■ Work order ■
Retype word for word the lines of the data below, from the first to the one bearing "[Amr-231.Srt] Monthly Rental", with that one included.

■ Extracted information ■
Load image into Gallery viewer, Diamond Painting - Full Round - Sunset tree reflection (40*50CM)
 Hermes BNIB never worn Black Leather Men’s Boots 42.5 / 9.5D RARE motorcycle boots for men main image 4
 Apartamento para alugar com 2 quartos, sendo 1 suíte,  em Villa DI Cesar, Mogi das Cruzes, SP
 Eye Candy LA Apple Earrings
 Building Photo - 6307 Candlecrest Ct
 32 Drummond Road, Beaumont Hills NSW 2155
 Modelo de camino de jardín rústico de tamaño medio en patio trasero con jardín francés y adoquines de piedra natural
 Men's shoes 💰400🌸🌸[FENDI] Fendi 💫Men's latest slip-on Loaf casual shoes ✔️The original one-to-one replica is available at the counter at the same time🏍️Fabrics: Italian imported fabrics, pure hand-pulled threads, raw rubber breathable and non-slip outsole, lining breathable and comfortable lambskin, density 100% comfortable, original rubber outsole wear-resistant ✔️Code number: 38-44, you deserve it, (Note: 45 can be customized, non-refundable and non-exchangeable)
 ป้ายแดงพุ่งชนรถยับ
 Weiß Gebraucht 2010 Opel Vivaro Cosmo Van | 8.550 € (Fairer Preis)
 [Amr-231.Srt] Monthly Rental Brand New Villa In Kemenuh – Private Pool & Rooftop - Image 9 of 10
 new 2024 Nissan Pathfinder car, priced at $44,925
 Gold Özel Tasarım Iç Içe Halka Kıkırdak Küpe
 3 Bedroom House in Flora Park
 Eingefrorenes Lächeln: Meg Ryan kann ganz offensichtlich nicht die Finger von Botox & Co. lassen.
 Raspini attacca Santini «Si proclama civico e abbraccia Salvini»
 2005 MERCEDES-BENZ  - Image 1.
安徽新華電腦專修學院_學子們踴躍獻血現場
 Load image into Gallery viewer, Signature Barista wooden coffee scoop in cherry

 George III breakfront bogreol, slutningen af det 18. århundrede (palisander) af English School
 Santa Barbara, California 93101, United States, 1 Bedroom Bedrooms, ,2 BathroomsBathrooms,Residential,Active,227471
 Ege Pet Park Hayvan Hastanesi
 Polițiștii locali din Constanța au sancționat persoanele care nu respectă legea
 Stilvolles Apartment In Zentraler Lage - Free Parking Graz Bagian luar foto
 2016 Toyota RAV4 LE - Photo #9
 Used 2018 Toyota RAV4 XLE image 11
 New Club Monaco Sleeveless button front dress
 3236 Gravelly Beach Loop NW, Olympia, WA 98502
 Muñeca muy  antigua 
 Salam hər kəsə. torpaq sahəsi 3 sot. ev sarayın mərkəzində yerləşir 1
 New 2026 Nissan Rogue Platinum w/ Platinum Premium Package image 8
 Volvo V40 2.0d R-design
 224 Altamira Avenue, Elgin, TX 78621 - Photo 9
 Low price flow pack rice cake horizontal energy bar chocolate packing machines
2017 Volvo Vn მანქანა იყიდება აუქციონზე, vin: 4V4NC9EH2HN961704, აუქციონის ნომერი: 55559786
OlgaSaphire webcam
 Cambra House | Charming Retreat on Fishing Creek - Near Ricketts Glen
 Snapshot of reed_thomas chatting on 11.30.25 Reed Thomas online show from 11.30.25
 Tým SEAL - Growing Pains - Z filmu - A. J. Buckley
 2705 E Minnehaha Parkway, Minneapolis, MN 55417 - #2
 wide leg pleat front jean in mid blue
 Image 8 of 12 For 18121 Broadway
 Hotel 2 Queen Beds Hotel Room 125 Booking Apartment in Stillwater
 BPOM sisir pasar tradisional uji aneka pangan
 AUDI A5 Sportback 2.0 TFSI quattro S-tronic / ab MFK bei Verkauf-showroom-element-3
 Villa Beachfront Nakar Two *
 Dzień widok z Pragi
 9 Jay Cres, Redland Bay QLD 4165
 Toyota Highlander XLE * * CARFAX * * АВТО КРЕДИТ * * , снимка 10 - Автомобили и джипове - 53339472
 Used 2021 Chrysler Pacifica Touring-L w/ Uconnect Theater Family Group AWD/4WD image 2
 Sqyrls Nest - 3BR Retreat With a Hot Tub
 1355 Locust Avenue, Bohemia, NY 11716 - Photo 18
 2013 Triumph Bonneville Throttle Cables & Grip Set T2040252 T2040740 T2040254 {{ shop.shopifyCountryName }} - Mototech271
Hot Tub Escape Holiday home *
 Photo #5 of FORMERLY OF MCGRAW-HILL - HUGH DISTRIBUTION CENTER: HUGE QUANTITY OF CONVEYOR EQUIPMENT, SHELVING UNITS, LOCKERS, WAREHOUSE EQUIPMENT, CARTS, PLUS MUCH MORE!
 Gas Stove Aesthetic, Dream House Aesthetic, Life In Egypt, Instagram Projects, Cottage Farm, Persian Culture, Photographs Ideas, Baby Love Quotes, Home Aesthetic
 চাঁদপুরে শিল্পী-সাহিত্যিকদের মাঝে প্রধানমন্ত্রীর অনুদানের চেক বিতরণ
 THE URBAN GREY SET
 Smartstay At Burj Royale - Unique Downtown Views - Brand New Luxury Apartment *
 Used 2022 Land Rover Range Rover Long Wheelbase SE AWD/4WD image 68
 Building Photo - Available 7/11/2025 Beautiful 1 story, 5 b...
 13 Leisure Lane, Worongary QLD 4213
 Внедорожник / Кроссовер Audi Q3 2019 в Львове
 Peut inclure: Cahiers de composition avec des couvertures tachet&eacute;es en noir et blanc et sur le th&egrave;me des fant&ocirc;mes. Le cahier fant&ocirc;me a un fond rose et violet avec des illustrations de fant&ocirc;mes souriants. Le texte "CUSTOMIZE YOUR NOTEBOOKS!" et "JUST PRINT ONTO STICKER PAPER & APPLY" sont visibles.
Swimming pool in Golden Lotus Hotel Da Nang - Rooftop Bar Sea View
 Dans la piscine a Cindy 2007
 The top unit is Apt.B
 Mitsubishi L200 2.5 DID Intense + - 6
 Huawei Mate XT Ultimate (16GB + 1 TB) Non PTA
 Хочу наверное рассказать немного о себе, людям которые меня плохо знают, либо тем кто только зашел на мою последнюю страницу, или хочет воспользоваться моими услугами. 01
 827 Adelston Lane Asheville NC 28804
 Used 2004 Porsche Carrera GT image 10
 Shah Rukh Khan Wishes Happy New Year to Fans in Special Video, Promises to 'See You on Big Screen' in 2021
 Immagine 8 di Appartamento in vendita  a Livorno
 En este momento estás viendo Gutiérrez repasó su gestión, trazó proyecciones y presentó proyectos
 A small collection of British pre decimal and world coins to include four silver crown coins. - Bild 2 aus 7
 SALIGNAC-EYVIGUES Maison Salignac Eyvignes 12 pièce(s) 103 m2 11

■ Solution for this exercise ■
Load image into Gallery viewer, Diamond Painting - Full Round - Sunset tree reflection (40*50CM)
 Hermes BNIB never worn Black Leather Men’s Boots 42.5 / 9.5D RARE motorcycle boots for men main image 4
 Apartamento para alugar com 2 quartos, sendo 1 suíte,  em Villa DI Cesar, Mogi das Cruzes, SP
 Eye Candy LA Apple Earrings
 Building Photo - 6307 Candlecrest Ct
 32 Drummond Road, Beaumont Hills NSW 2155
 Modelo de camino de jardín rústico de tamaño medio en patio trasero con jardín francés y adoquines de piedra natural
 Men's shoes 💰400🌸🌸[FENDI] Fendi 💫Men's latest slip-on Loaf casual shoes ✔️The original one-to-one replica is available at the counter at the same time🏍️Fabrics: Italian imported fabrics, pure hand-pulled threads, raw rubber breathable and non-slip outsole, lining breathable and comfortable lambskin, density 100% comfortable, original rubber outsole wear-resistant ✔️Code number: 38-44, you deserve it, (Note: 45 can be customized, non-refundable and non-exchangeable)
 ป้ายแดงพุ่งชนรถยับ
 Weiß Gebraucht 2010 Opel Vivaro Cosmo Van | 8.550 € (Fairer Preis)
 [Amr-231.Srt] Monthly Rental Brand New Villa In Kemenuh – Private Pool & Rooftop - Image 9 of 10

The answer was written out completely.